I didn’t mean to sound uncool or disrespectful when I tapped out last night’s Inherent Vice riff. I said a couple of times that it was probably more my fault than Paul Thomas Anderson‘s that the film didn’t turn me on that much (although some of it definitely made me feel spacey and swoony and half-baked) and…you know, tested my patience and all. But that’s almost par for the course. Starting with Magnolia my initial exposure to Anderson’s films have felt like stretching exercises or mindfucks of one kind or another — never easy, always a climb or a tangle, always in front of the line and beckoning to the folks in the rear…c’mon, guys…don’t hang back. And then with the second or third viewing they seem more engaging, less gnarly…of course! But you always have to come to them — they never come to you.

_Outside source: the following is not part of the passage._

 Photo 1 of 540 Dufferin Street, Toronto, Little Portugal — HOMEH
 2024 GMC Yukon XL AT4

And that’s cool.

Prior to start of last night’s 9 pm Avery Fisher Hall screening of Inherent Vice.
I’m fully down with the notion (as I said last night) that Inherent Vice may kick into place for me during my second or third viewing, or certainly when I watch the Bluray. I started to read the Pynchon novel about a month ago but then I lost the will. But I have it on iBooks so there’s always the flight back to LA (departing today at 4:30 pm) or…you know, within the next few days. I just wish I could have been a little more engaged as it happened. I never felt like I was “in the car.” I constantly felt like I was running alongside or eating the exhaust.

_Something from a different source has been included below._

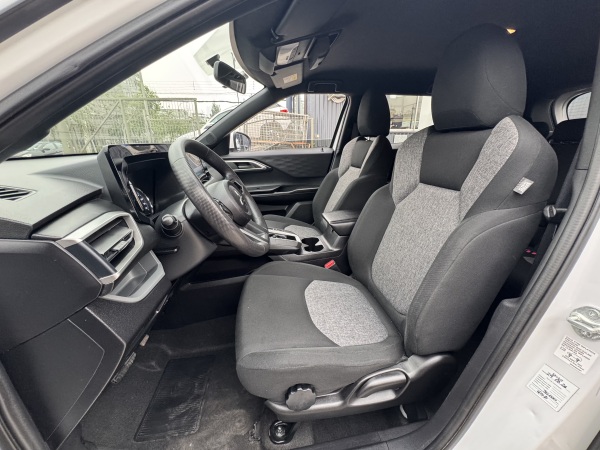 Mitsubishi Outlander Sport — foto 13 de 23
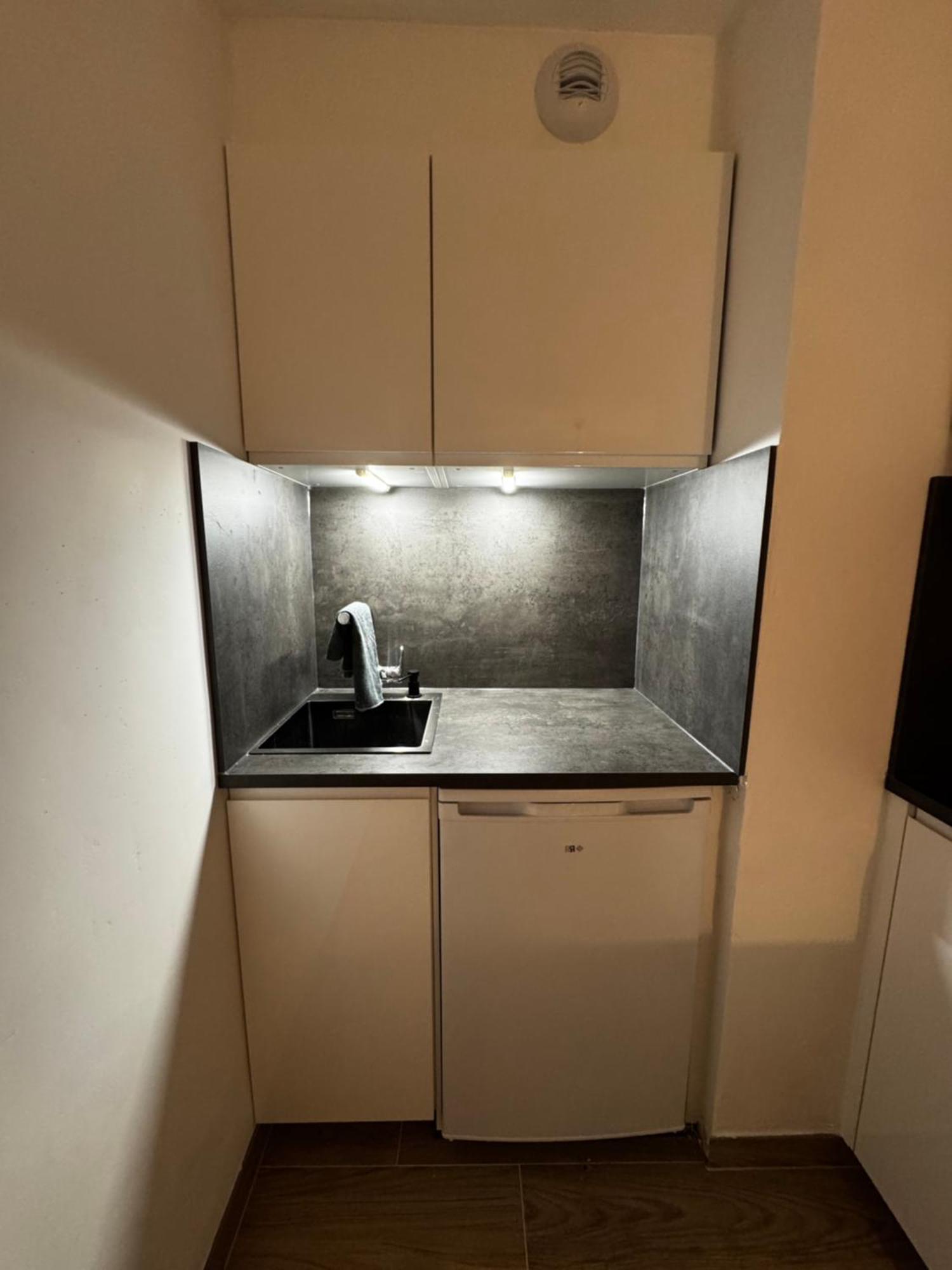 Le Sarsour Appartement Strasbourg Centre 외부 사진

I think it’s a foregone conclusion all around that Inherent Vice was made for the edgies…for those who think strange and rarely concentrate on the obvious. Joe and Jane Popcorn…who knows? Naah, I’m evading. Joe and Jane are either going to avoid this puppy like the plague or show up for the sake of Martin Short‘s seven-minute cameo and come out fuming or confused. Vice isn’t a soother but it sure is an eye-opener of sorts. It’s candy for the kind of people who are on the bandwidth, but how many would that be exactly?